## Assignment:
Output the exact lines that start at the one containing "Artisan Patrimoine Multifonction" and continue to the last line of the entries below; do not output pictures.

[Entries taken from a collection]
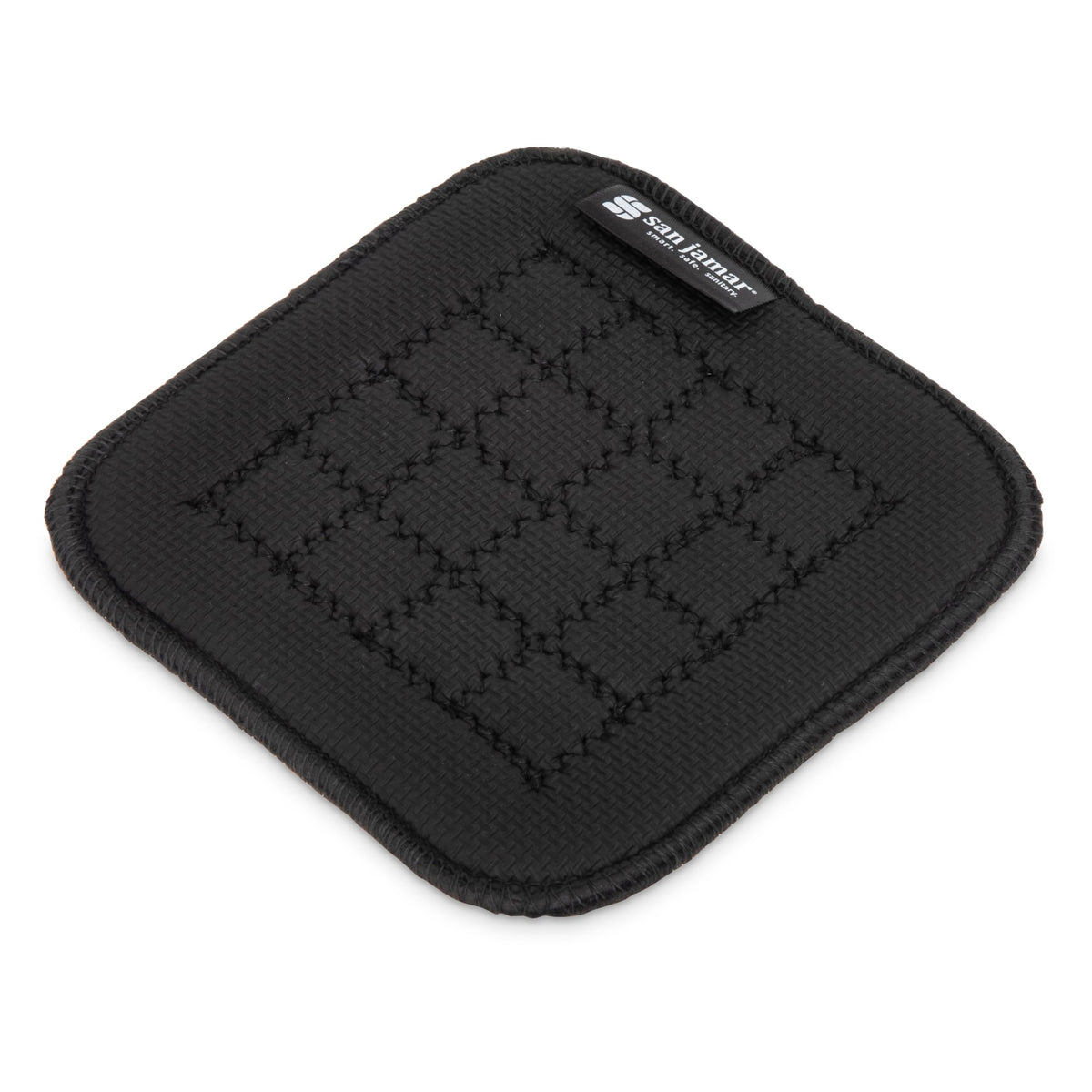 San Jamar Ultigrip Square Commercial Hot Pad Pan Holder by Carlisle FoodService Products – 5.5" x 5.5", Neoprene, Black, Model UHP55BK
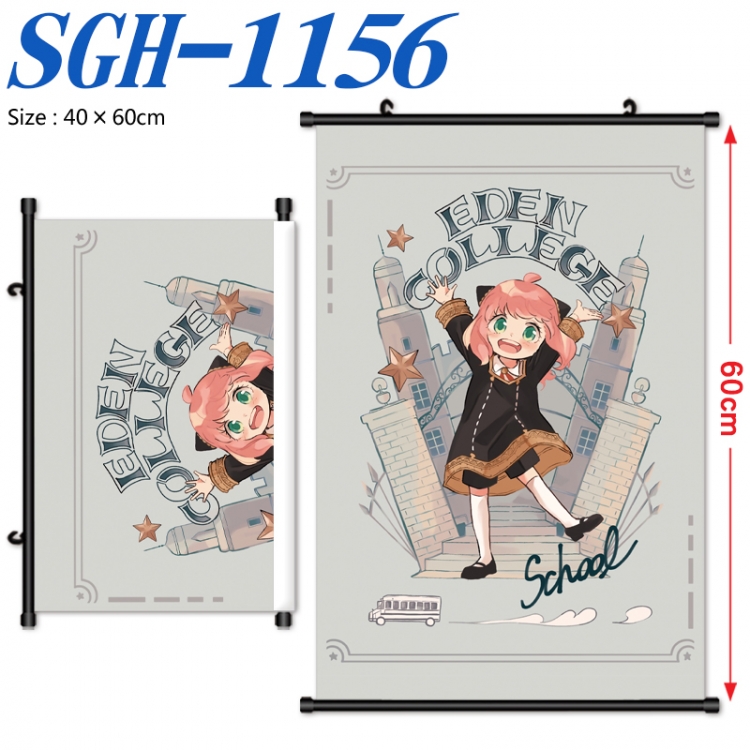 SPY×FAMILY  Anime digital printed pole style hanging picture Wall Scroll 40x60cm SGH-1156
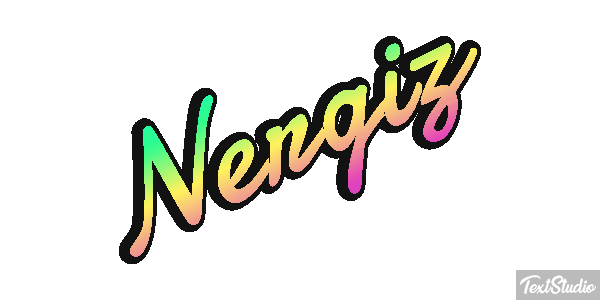 Nergiz Efecto de texto
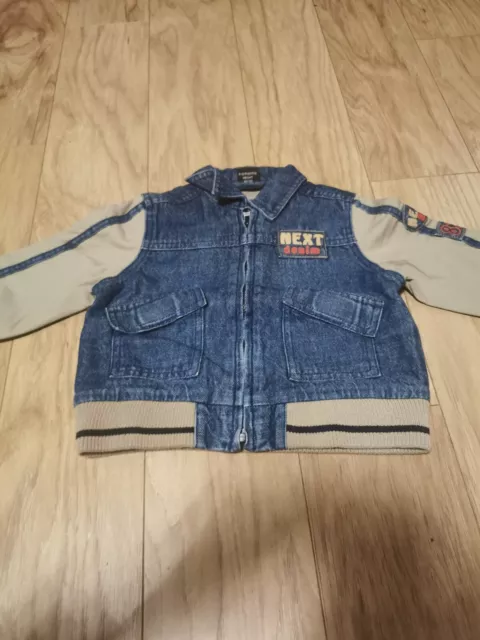 Giacca denim bambino Next taglia 9-12 mesi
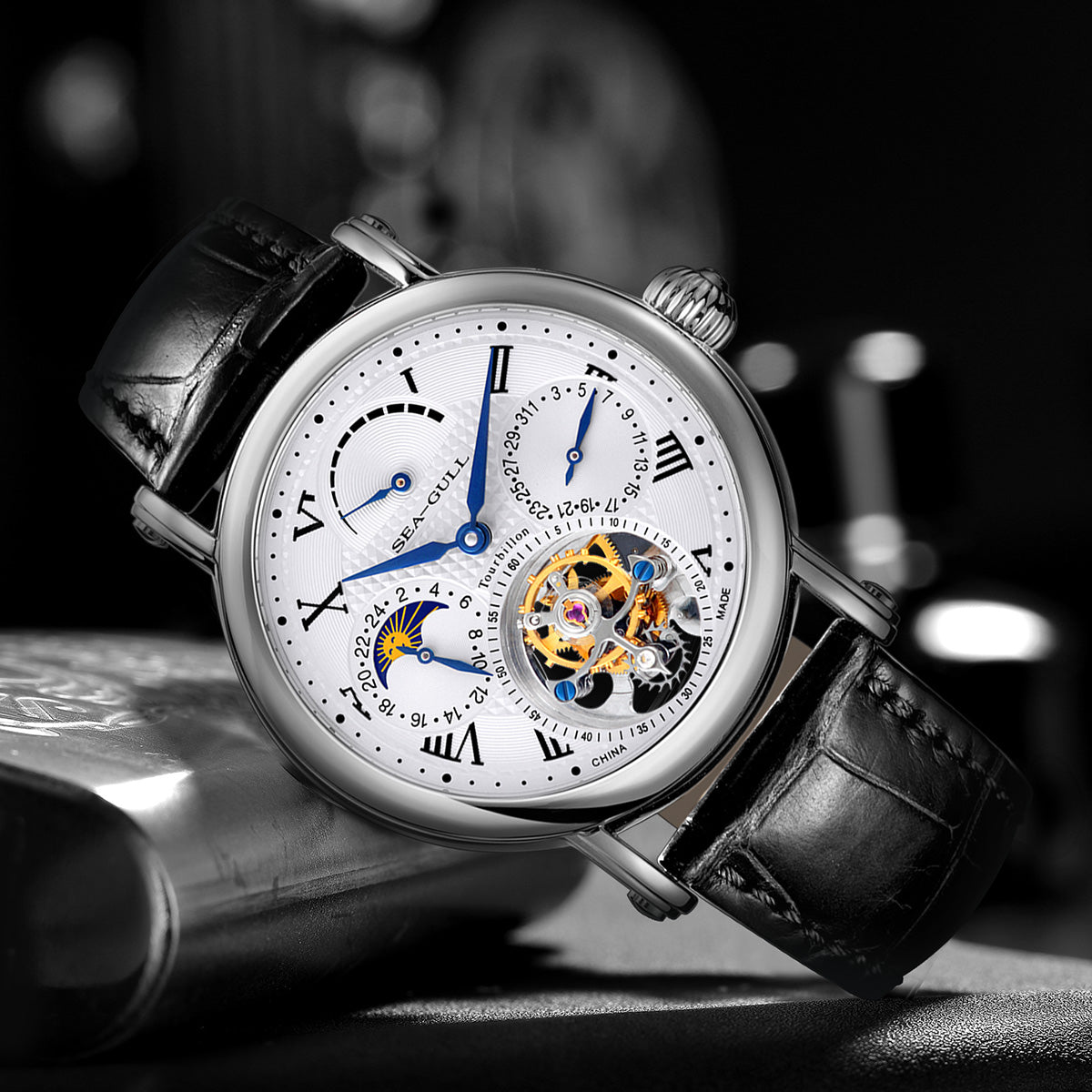Artisan Patrimoine Multifonction Céleste Calendrier Réserve de Marche Excentrique Tourbillon 39mm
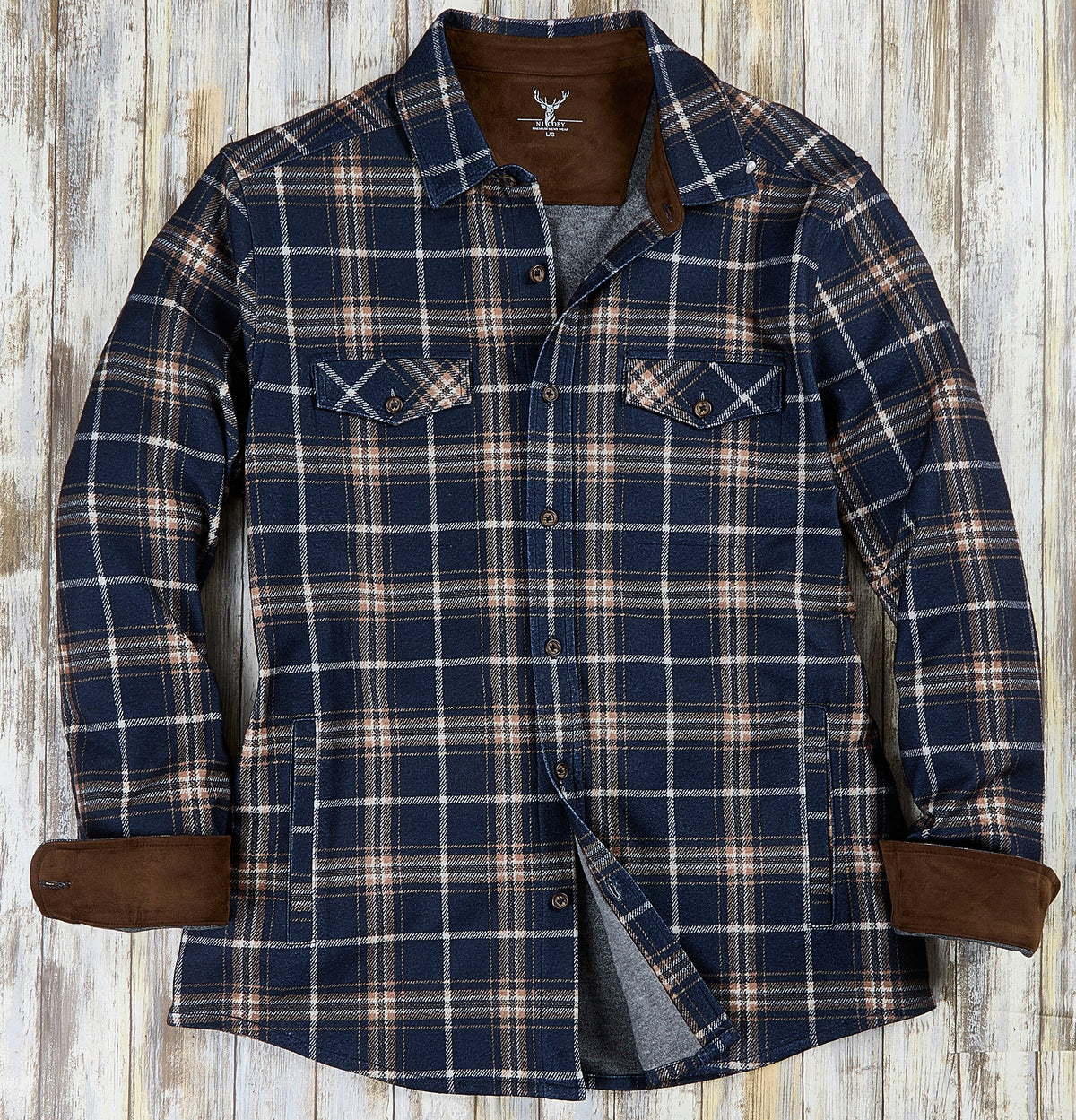 Nicoby Stretch Flannel Knit Shirt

## Exercise answer:
Artisan Patrimoine Multifonction Céleste Calendrier Réserve de Marche Excentrique Tourbillon 39mm
 Nicoby Stretch Flannel Knit Shirt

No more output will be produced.